GIVEN DATA: Begin

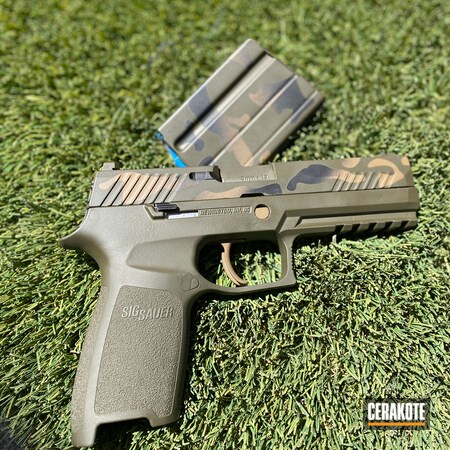 Powder Coating: 9mm,Graphite Black H-146,S.H.O.T,Sig Sauer,Pistol,MultiCam,Custom Camo,O.D. Green H-236,P320,Handgun,SPRINGFIELD® FDE H-305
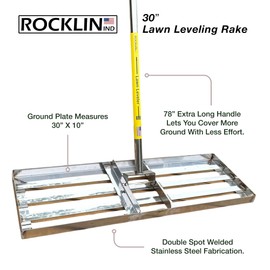 Rocklin™ Lawn Leveling Rake | Levelawn Tool | Level Soil or Dirt Ground Surfaces Easily | 30” x 10” Ground Plate | 78” Extra Long Handle | Stainless Steel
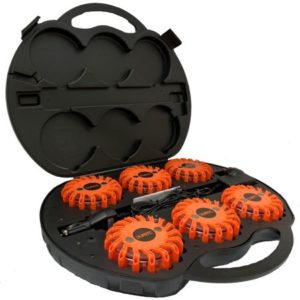 RECHARGEABLE MAGNETIC LED WARNING FLARES (Six flares)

GIVEN DATA: End

◆ YOUR ASSIGNMENT ◆
Transcribe the listing in full. Leave the pictures out.

◆ RESPONSE ◆
 Powder Coating: 9mm,Graphite Black H-146,S.H.O.T,Sig Sauer,Pistol,MultiCam,Custom Camo,O.D. Green H-236,P320,Handgun,SPRINGFIELD® FDE H-305
 Rocklin™ Lawn Leveling Rake | Levelawn Tool | Level Soil or Dirt Ground Surfaces Easily | 30” x 10” Ground Plate | 78” Extra Long Handle | Stainless Steel
 RECHARGEABLE MAGNETIC LED WARNING FLARES (Six flares)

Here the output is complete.